A ausência de interferências mais evidentes (acréscimos, interpretações, reordenações) responde pela controvérsia principal: aquilo é ou não um filme? De certa forma, o doc Pacific, de Marcelo Pedroso, composto inteiramente de filmagens de turistas em cruzeiros para Fernando de Noronha, já tinha levantado essa dúvida. O realizador seleciona e organiza um material alheio, e se abstém de qualquer outra participação. As cenas, retiradas de seu contexto e suporte originais, “dizem” as mesmas coisas e ao mesmo tempo ganham outros significados.

Retomo essas questões depois de assistir ao média-metragem Ninguém Segura o Brasil, realizado no ano passado por Alfeu França.
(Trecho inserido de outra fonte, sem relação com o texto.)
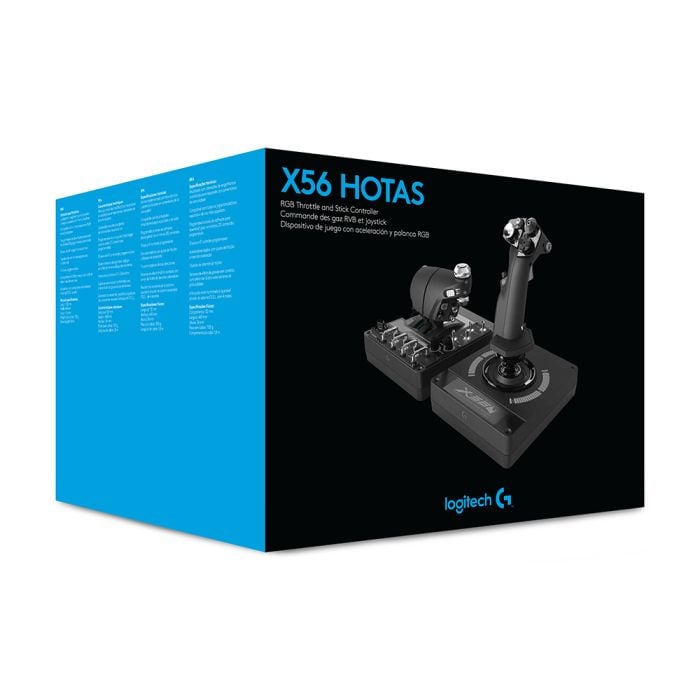 Logitech X56 H.O.T.A.S. Flight System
Depois de uma pesquisa no Arquivo Nacional e no seu acervo pessoal, Alfeu preparou uma compilação de 30 minutos com institucionais, comerciais, jingles e trechos de filmes que reproduziam a ideologia do regime militar para consumo na TV e no cinema. São inúmeros desfiles, mensagens ufanistas, clipes caretas, musiquinhas de sintetizador, narrações de Cid Moreira, conclamações contra “os trapos vermelhos do comunismo”. Uma parafernália de comunicação destinada a produzir a imagem do “Brasil grande”: um país em ritmo acelerado de desenvolvimento, nacionalmente integrado, estrategicamente seguro, com harmonia de raças, classes e faixas etárias. A negação de todo conflito e a anulação das forças sociais pelo discurso homogêneo de que “o Brasil é feito por nós”.
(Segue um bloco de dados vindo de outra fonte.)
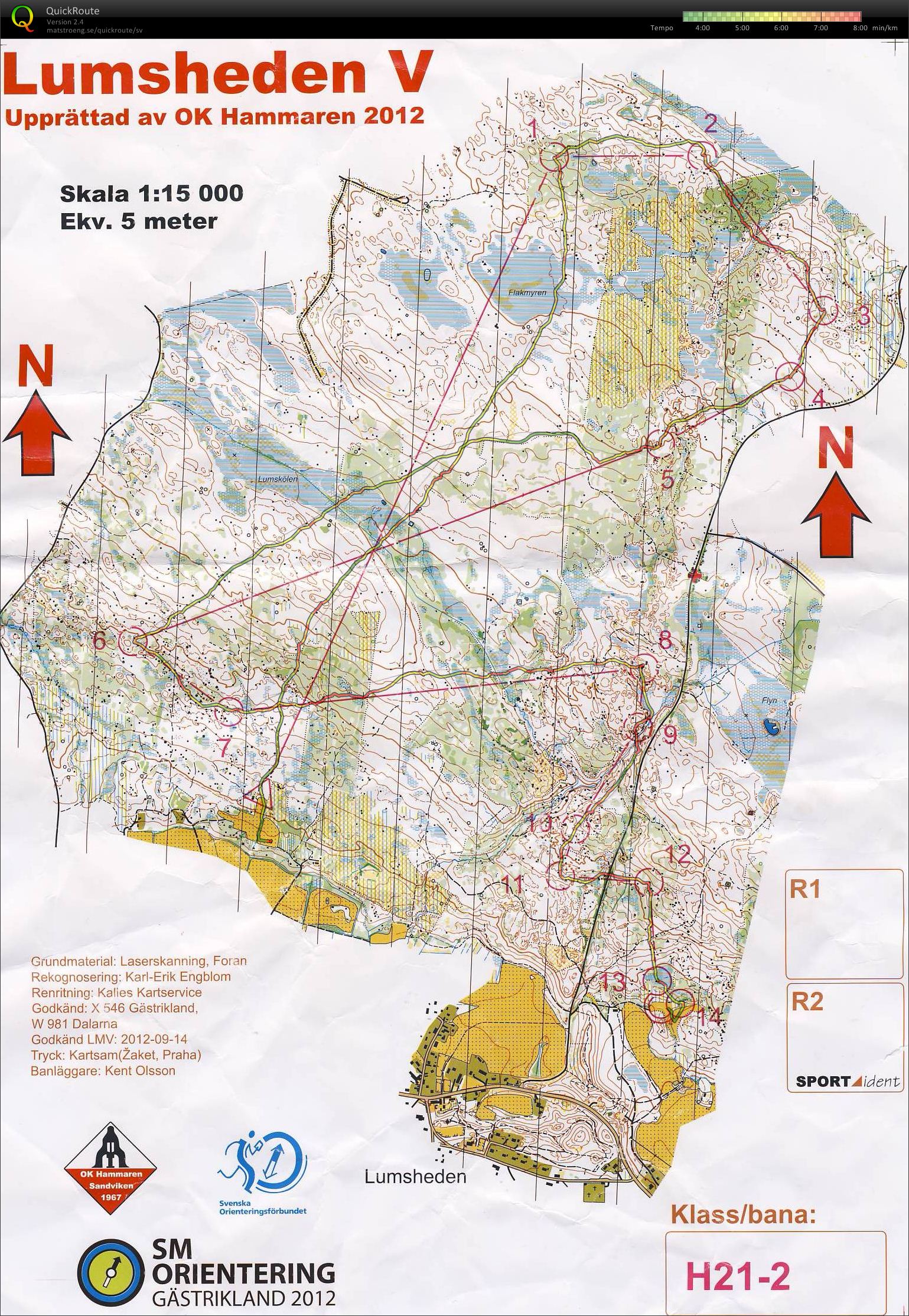 SM Lång Kval (15-09-2012)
Duas ou três cartelas situando essa produção no tempo e no contexto da ditadura são toda a intervenção do diretor, além, claro, da seleção e montagem. Relutei em compreender a eficácia de um trabalho que simplesmente justapõe os materiais, sem avançar na sua interpretação, demolição ou recriação. Conversei com Alfeu, que se manifestou convicto de sua escolha: “Cada vez mais acredito no potencial presente nas imagens de arquivo e fico convencido de sua capacidade de falar por si, de transmitir mensagens sem a necessidade de maiores contextualizações. Poderíamos, sim, ter entremeado o documentário com entrevistas, narrações didáticas e explicativas, mas depois de refletirmos nos pareceu óbvio e apropriado deixar a própria propaganda da época falar sobre a propaganda da época (…) Sou bastante satisfeito com a nossa decisão de experimentar e permitir que um material que arrancamos de quatro décadas de repouso seja apresentado e digerido e processado por cada espectador a partir de seu próprio corpo de conhecimentos”.
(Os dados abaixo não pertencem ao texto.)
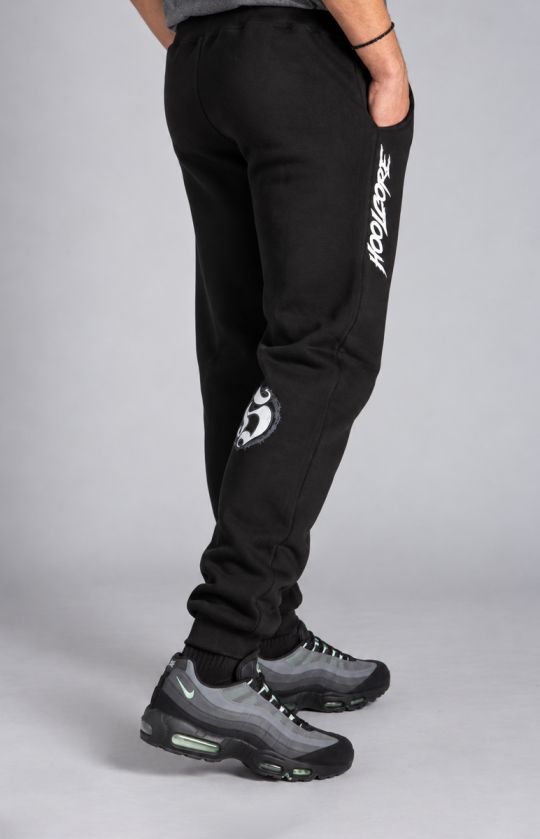 Black Slim Pant "Hoolcore"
No meu entender, a capacidade dessas imagens de falarem por si é que está em questão. Passados mais de 30 anos desde a volta da democracia, elas já se banalizaram a tal ponto em documentários recentes que se tornaram uma espécie de Judas cansado de apanhar. Até nas sucessivas oficinas que o Recine vem fazendo ano após ano, esses materiais têm sido usados de maneira irônica e subversiva. Voltar a eles requer agora um desejo de ver o seu reverso. Ou pelo menos um olhar mais incisivo do que simplesmente recolocá-los na tela em sua integralidade.

Mas Alfeu tem um trunfo para jogar na mesa de debate. Em seu roteiro de edição, ele diz ter adotado, a grosso modo, uma estrutura de narrativa mitológica: “Cenário e personagens são apresentados, surge o conflito, surge o herói, o plano do herói, a batalha do herói, o triunfo e a paz consequente”. Das incertezas de 1964 até a plena implantação da ordem e da “paz social”, passando pela evocação de D. Pedro II em Independência ou Morte, teríamos, portanto, esse esboço de épico nacional fardado. O depoimento do diretor fica assim condicionado à eventualidade de o espectador perceber esse subtexto metafórico que teria orientado a ordenação das cenas.

Se perceber, terá uma leitura (superestimada, talvez) do aparato cultural-ideológico do governo militar. Se não perceber, como aconteceu comigo, estará diante de uma compilação que certamente fala por si, mas diz aquilo que todos já sabíamos.